Protein plays a variety of functions in your body, some of which are specific to healing post-surgery. For example, protein is responsible for building white blood cells and immunoglobulins, types of cells that are necessary for immune system function. The healthier your immune system is, the more equipped you are to heal following surgery. Protein also is the major component of skin and muscle tissue. Collagen, the substance in your skin responsible for building scar tissue, is made chiefly from protein strands. By having enough protein in your diet, your body can create the scar tissue that will repair your incision post-surgery.

Deficiency

While protein helps you heal after surgery, there is a fine line on whether it will help you heal faster. For example, the more protein you take in does not mean you will heal faster. However, if you are deficient in protein, you are likely to not heal as fast because your body does not have the nutrients it needs. Even if you are on feeding restrictions, it is possible to blend protein powders for use in a feeding tube or on a liquid diet.

Symptoms

Some signs you do not have enough protein in your diet include swelling not associated with your surgery, muscle weakness and thinning hair. You also may find you experience muscle cramping, headaches, anemia and an intolerance to cold.
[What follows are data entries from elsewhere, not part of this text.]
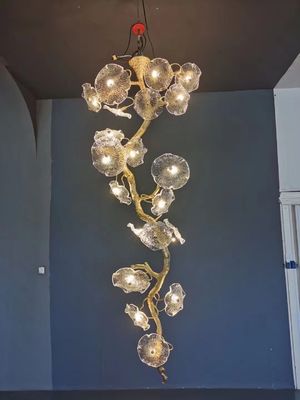 Customized Pendant Lamp 51W To 60W Mushrooms Leaf Modern Vertical Extra Large Chandeliers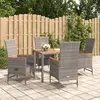 Image de vidaXL Ensemble à manger de jardin 5 pcs coussins gris résine tressée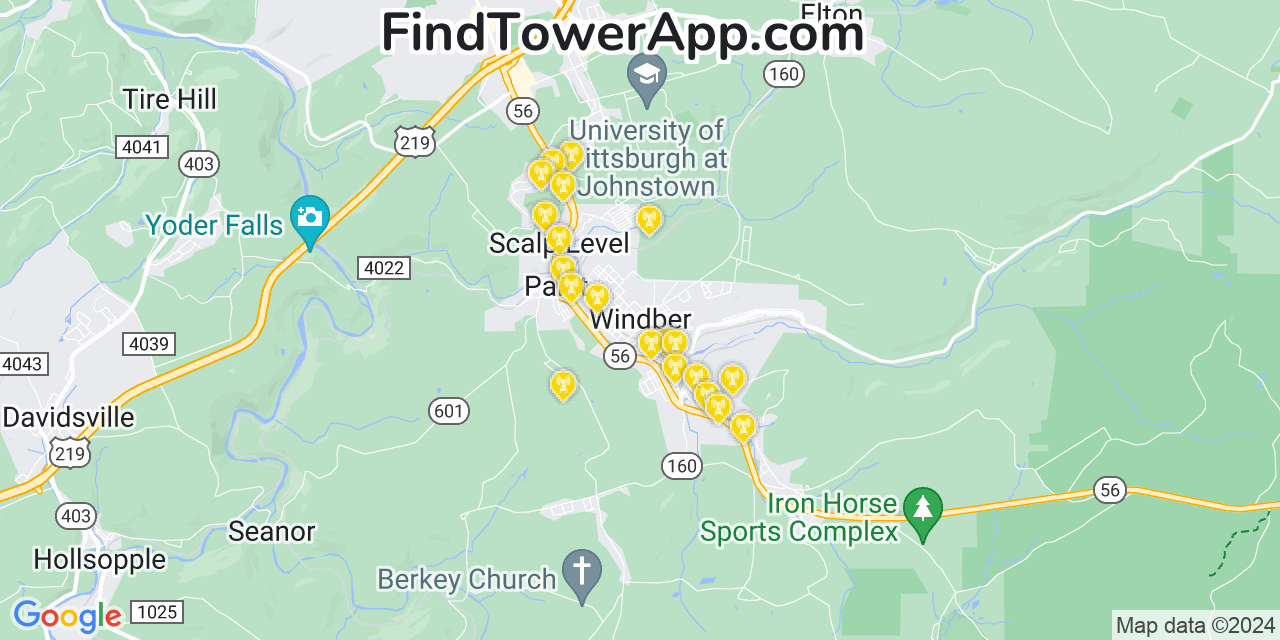 AT&T 4G/5G cell tower coverage map Windber, Pennsylvania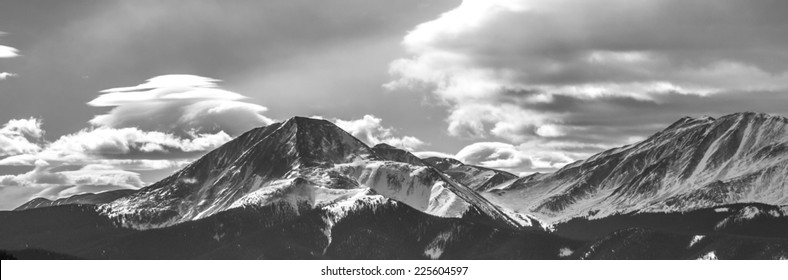 Keystone Colorado in black and white panoramic photograph / Panorama of Keystone Colorado 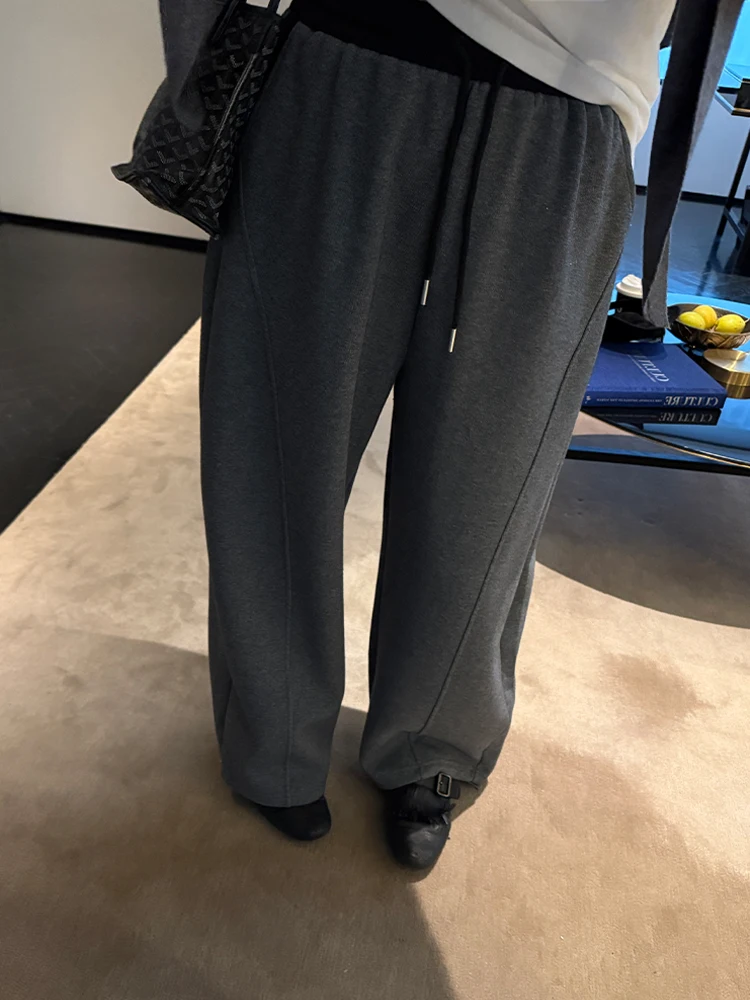 

Брюки прямого кроя с высокой талией для похудения, полностью эластичные, свободные, струящиеся, женские, больших размеров, повседневные, модные, осенне-зимние, женские брюки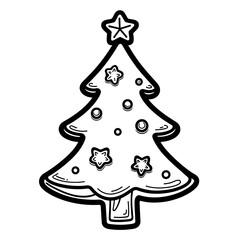 Gingerbread cookie shaped like Christmas tree, black and white coloring book
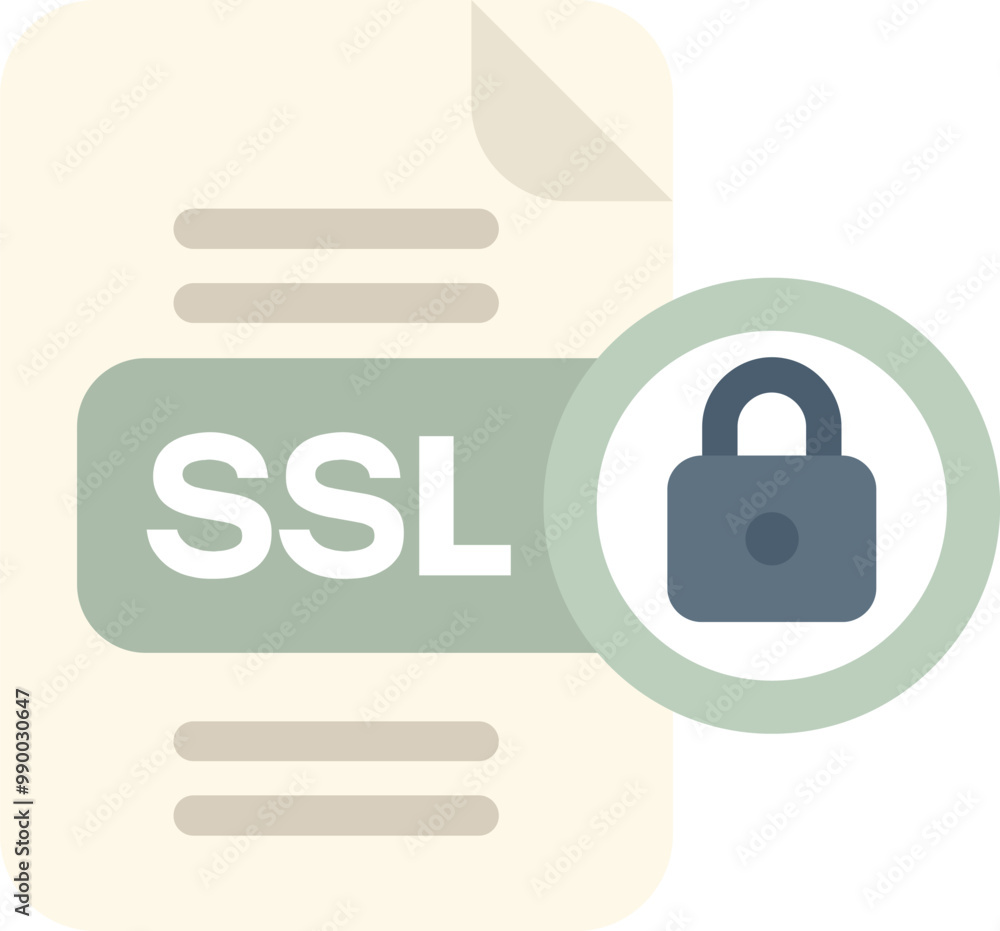 Poster icon of a document with ssl encryption symbolizing online safety and data protection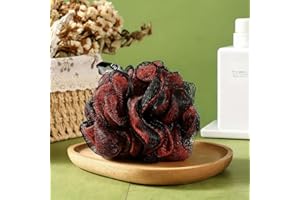 Large Soft Bath Ball Loofah Polyester Monofilament Red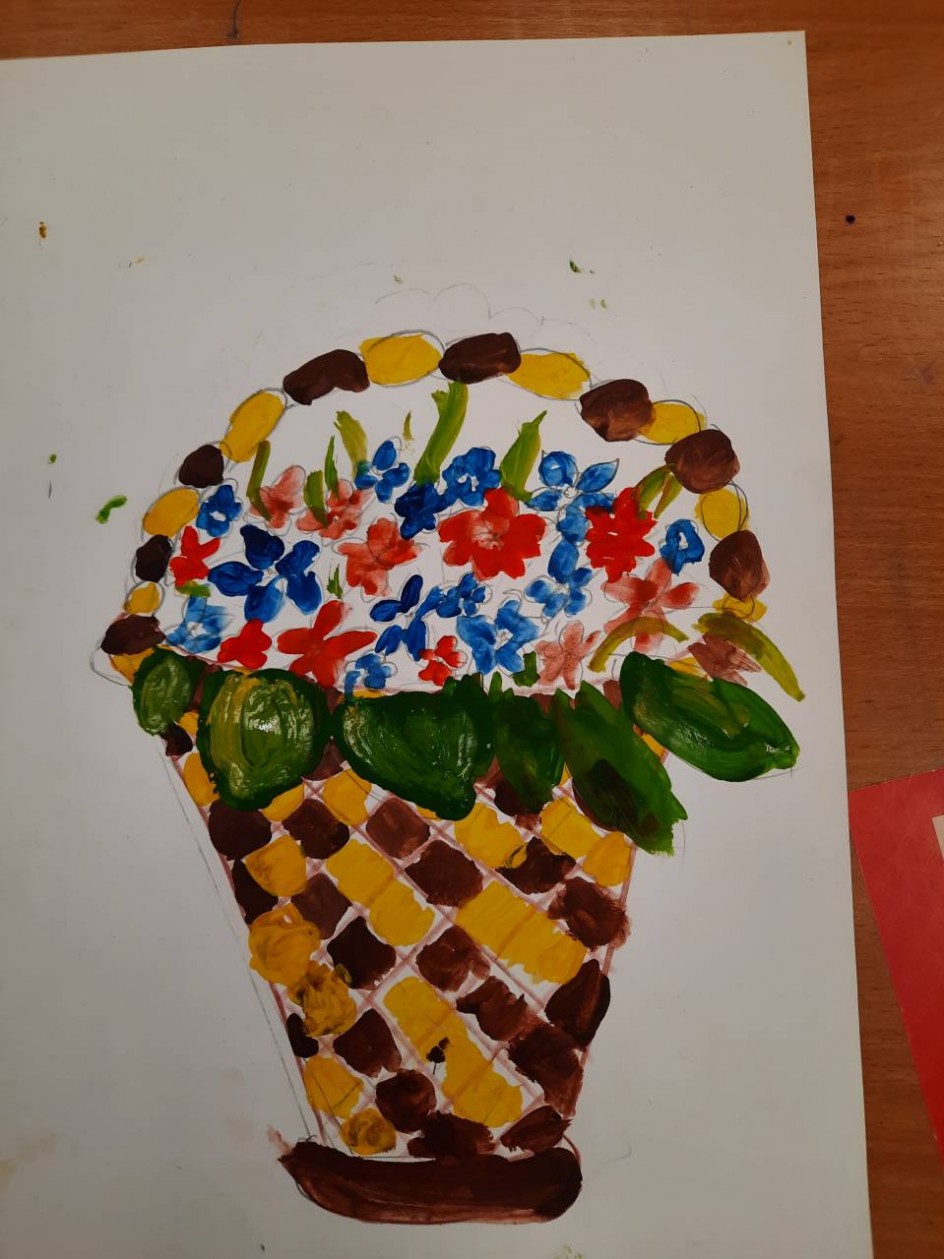 Корзина цветов для мамы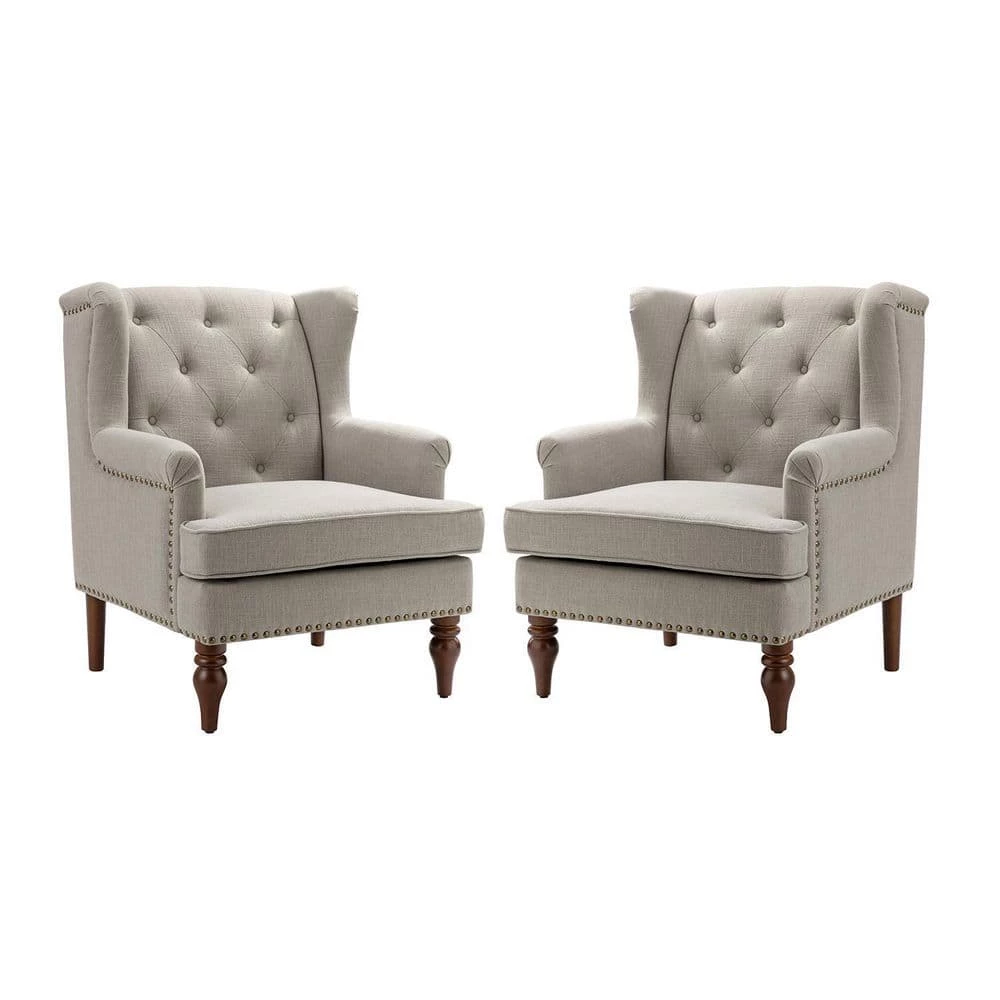 Cecília Grey Armchair With Solid Wood Legs Set of 2 by JAYDEN CREATION 1 Cecília Grey Armchair With Solid Wood Legs Set of 2 by JAYDEN CREATION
Because you may have the tendency to pass off protein deficiency symptoms as after-effects of surgery, talk to your physician if you suspect your symptoms may be due to lack of protein.

Recommended Sources

While your physician may recommend a specific diet following surgery to minimize nausea from anesthesia or other medications, you can incorporate certain protein sources whenever possible to ensure your wound can heal to the best of your body’s ability. The amount of protein you need on a daily basis will depend upon your weight. For example, most men and women need about 0.8g of protein per kilogram of bodyweight, according to Gloria Tsang, R.D., a dietitian writing for HealthCastle.com. To calculate your protein needs, divide your weight in pounds by 2.2, then multiply by 0.8. One example of needed proteins is glutamine, an amino acid that is a building block of protein and is helpful in wound healing, according to The Diet Channel. Other good protein sources include lean proteins such as lean beef, chicken, fish, seafood, eggs, low-fat dairy and products made from soybeans.